About 16 miles in past the Dirty Devil River (34 miles from SR 95) we camped on a saddle between two canyons under a large red knob. The last portion of the ride was while the sun set leaving the sandstone walls of the canyon a fantastic orange and yellow color. To get to the saddle, the road switch-backed up some extremely steep grades, with significant exposure. The very worst section was right before the lip of the saddle. Several large rocks and ruts provided excitement as we ground and bounced over them to the top. I was very concerned that we would lug to a stop and be forced to start again on a very steep grade, while below us was a significant cliff. However, four wheel low carried us admirably. We threw the blue tarp out on the flat ground near a juniper tree, laid out our sleeping bags, and went to sleep.

April 1, 2002 (Monday):       (Orange Cliffs, Colorado River Gorge, Hite, Bullfrog Bay, Capital Reef National Park, Waterpocket Fold, Escalante)

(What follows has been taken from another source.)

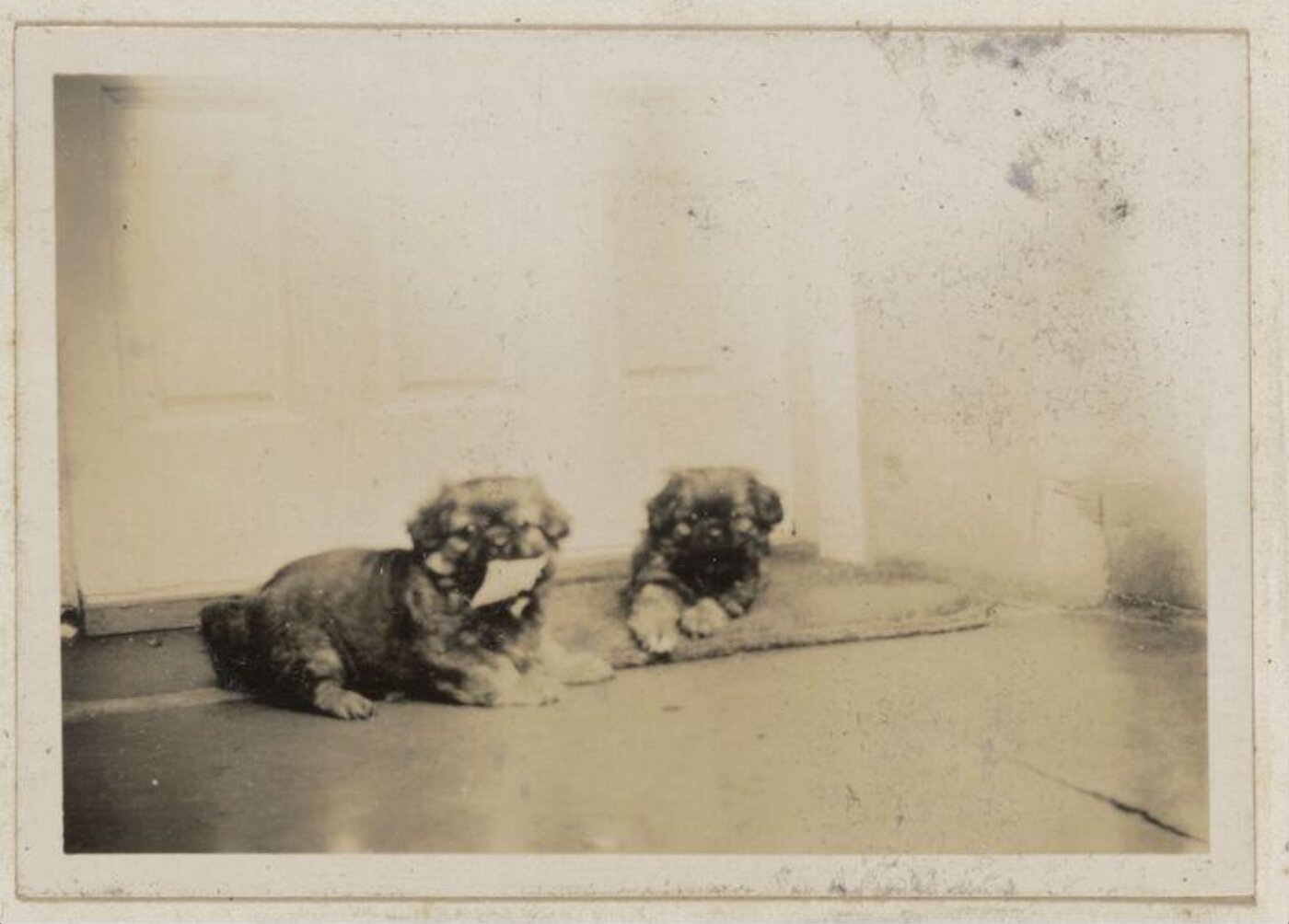 Potter, Beatrix, Photograph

I woke up with a sore back, about 5:30 a.m. Sam took an early morning hike about half way up the red knob or chimney to the northeast. The rock was very loose and I worried about his footing, but he did fine. I hiked to the north along the west base of the knob, examining the interesting rock (and ultimately looking for a place to “see a man about a horse” in private). One section had very crumbly purple rock, the consistency of heavy clay or very soft rock (much like what was in Goblin Valley). The sandstone was very soft and was easy to break into pieces.

I started out driving initially, down the saddle into the next valley and towards the saddle on the other side of the valley. The road dipped and turned, following washes and up and over ridges. At the saddle on the other side of the valley, about three miles from where we camped, we found a sign identifying the area as Sunrise Summit. This was part of the Orange Cliffs as became readily apparent when we traveled further east and could look back and see the reddish/orange (depending upon the light) sandstone cliffs forming a spectacular backdrop that went north/south for miles. Two miles from Sunrise Summit we intersected the main north/south dirt road where a sign gave directions and mileage to various destinations. South led to Hite (about 35 miles) and north to the Maze Overlook (about 21 miles) and the Hans Flat Ranger Station (about 24 miles). The road also went straight ahead, but I don’t recall the destination or mileage.

We turned left (north), up and over another fairly serious ridge (with one steep section requiring four wheel low for some distance) and then followed a scary road which hugged a cliff overlooking a beautiful jumble of trees and rocks, probably 1,000 feet below. Several miles later we reached another sign indicating the Maze was 13 miles (our intended destination), making our travel 11 miles since the fork in the road. We traveled about another mile and Sam registered reservations about continuing on, fearful we would run out of gas and not be able to get back out. I had been going over our mileage and the gas situation in my mind all morning and felt we had plenty of gas to make it. We continued on about a mile and Sam registered the concern again. I stopped the Jeep, got out and wondered off, reviewing the mileage and gas factors in my mind, and considering the six gallon spare gas can we had full of gas. I knelt and said a word of prayer, letting Heavenly Father know I felt we were o.k. to continue on and asking for confirmation. I got the confirmation. I went back to the Jeep, got in and continued forward. We started going down a hairy looking road as Sam registered his concerns more forcefully. Without telling him about my prayer, and partially out of fear over what we were headed down, I turned around to go back and turned the driving over to Sam.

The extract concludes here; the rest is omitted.